Olağan şüpheliler listesinin en başında Taliban yer aldığı için, hiç kimse bu patlamanın faillerini aramayı bile düşünmez. General hava uçurulan kuyuların hemen yanında ikinci kuyuların açılmasını emreder. Aynı teknoloji ile aynı kalitede ve aynı sürede yeni kuyular açılır. İş bitiminin gecesinde, yine kulakları sağır eden patlama ve yine yeni açılmış kuyular toprağın derinliklerine gömülmüştür.

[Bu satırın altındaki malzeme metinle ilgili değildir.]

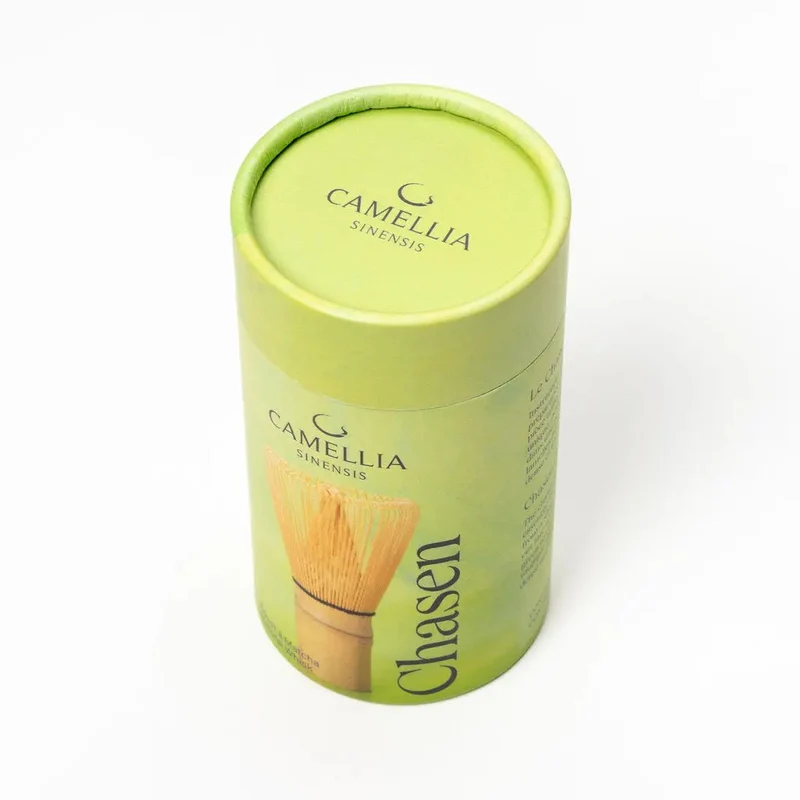 Camellia Sinensis | Chasen (fouet matcha) en bambou blanc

Her şeyin kısa sürede ve kusursuzca organize edilmiş olması, General’i fena halde kuşkulandırır ve çok kapsamlı bir araştırma yapılmasını emreder. Komutası altındaki bir kadın yüzbaşıyı köylü kadınlarla konuşmaya gönderir. Kadın yüzbaşı, köyün bütün kadınlarını bir eve toplar ve havaya uçurulan kuyuların faillerine ilişkin bir soru sorar. Köylü kadınlardan biri elini kaldırır ve “Biz yaptık” der. Kadın yüzbaşı şaşkındır. “Peki ama nasıl olur, biz bu kuyuları sizin için açtık.” Köylü kadın “Evet bizim için yaptığınızı biliyoruz ama yaptığınız şey aynı zaman da bizim hayatta kalma amacımızı elimizden aldı. Biz evden ancak su getirme bahanesiyle çıkabiliyorduk. Siz kuyuları açarak bizi eve mahkum ettiniz. Su ve hayat arasında bir tercih yapmak zorunda kaldık ve hayatı seçtik.”

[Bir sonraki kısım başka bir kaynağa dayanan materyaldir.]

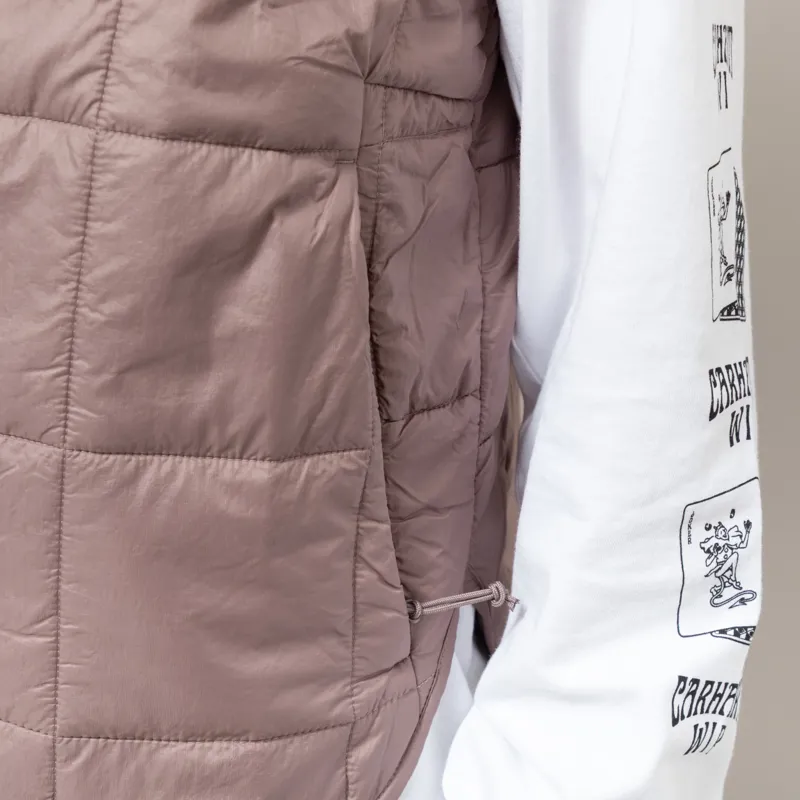 Columbia Womens Sienna Hill Quilted Vest Iron-8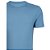 Camiseta Individual Basic Comfort In24 Azul Masculino - Imagem 3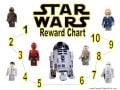 Star Wars Behavior Chart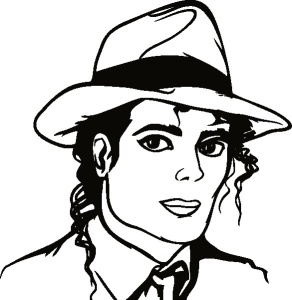 Sticker De Perete Michael Jackson 01 - Img 3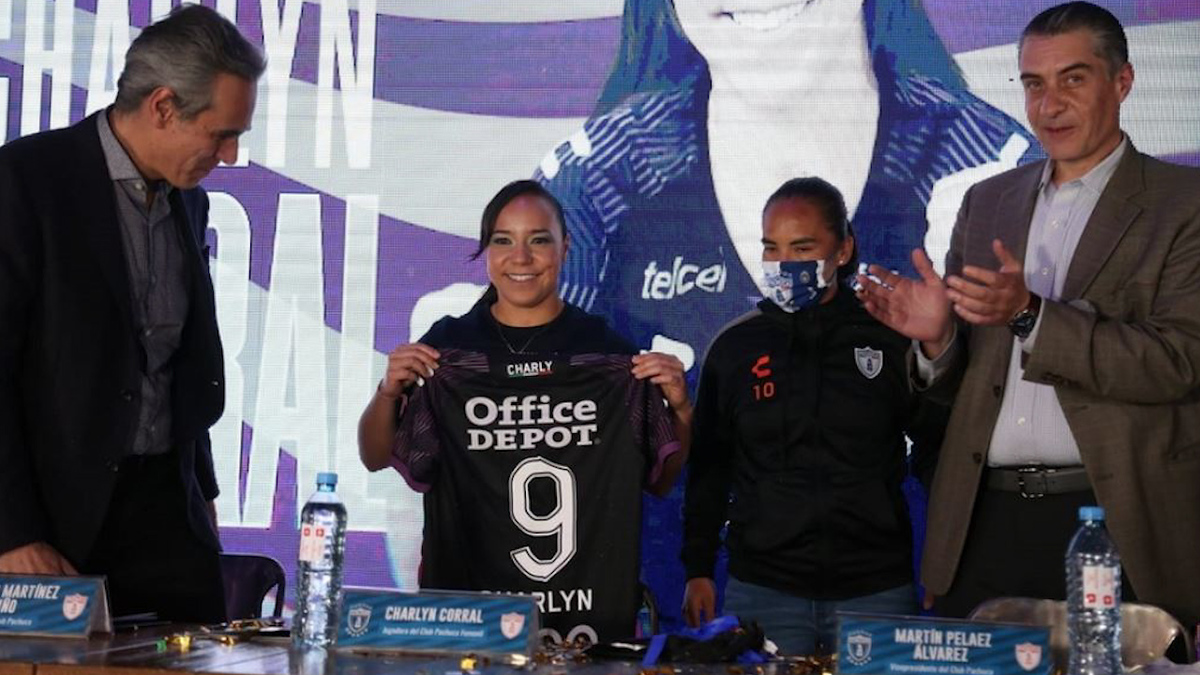 "Las Tuzas están para lograr cualquier cosa": Charlyn Corral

Aslında dünyanın Afganistan gerçeğine dair bildiklerini sandıkları şeyler ile Afganistan halinin hiç örtüşmediğini bundan daha iyi anlatan bir başka hikâye bulmak çok zordur. Önce İngilizler, sonra Ruslar ve en sonunda da Amerikalılar bu gerçeği çok pahalı bedeller ödeyerek öğrendi.

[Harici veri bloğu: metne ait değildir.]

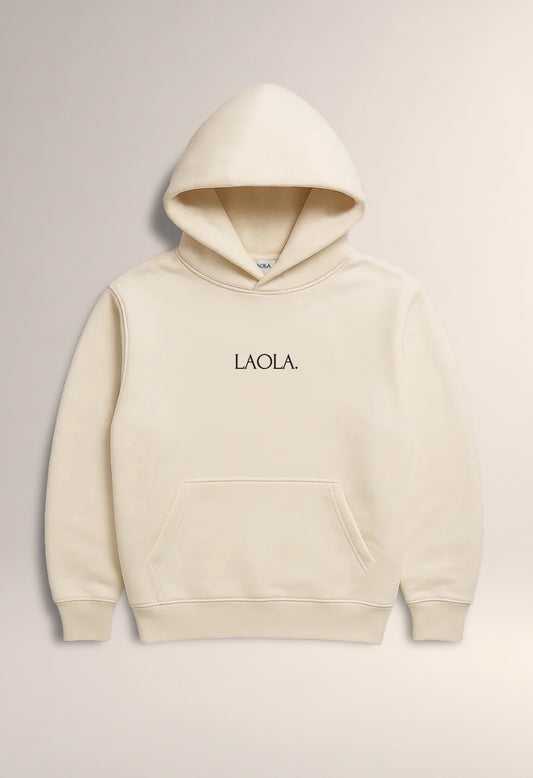 Cream White - Hoodie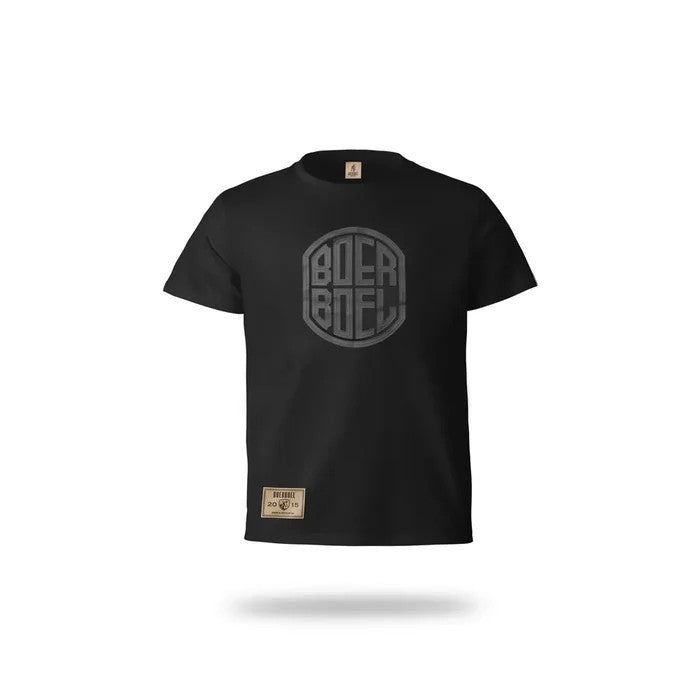 Boerboel Kids Bevel Tee Black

Herkes çok iyi biliyordu ki Amerika askeri varlığını Afganistan’dan çekse, Afganistan'ının tek alternatifi Taliban’dan başka bir şey olmazdı. Nitekim de öyle oldu. Dünya bir Taliban devletini deneyimlemek zorunda kalacak. Ve aslında bu ilk de olmayacak. Dünya hangi kriterle Pakistan’ı bir devlet olarak tanıyorsa, aynı kriterler Taliban devleti için de geçerli olacak. Söz gelimi Taliban devleti, İran devletinden daha fundamentalist olmayacak. Eğer mesele kökten dinci bir devletin varlığıysa, Suudi Arabistan birinciliği hiç kimseye kaptırmaz.

Kim ne derse desin dünya bir diyet ödeyecek. İran, Pakistan, Hindistan, Çin ve Rusya’nın birbirlerine komşuluk ettikleri bu coğrafyaya Taliban’ın yeni üye olarak katılıyor olması, krizlere ve kaoslara davetiye çıkarır. Henüz her şey çok taze. Amerika Birleşik Devletleri’nin dışındaki bütün devletler bu sürece hazırlıksız yakalandı. Belki de şöyle söylemek en isabetli yorum olur; ABD dahil dünyanın bütün devletleri, Afganistan bahsinde şimdilik bir öngörüsüzlük içinde.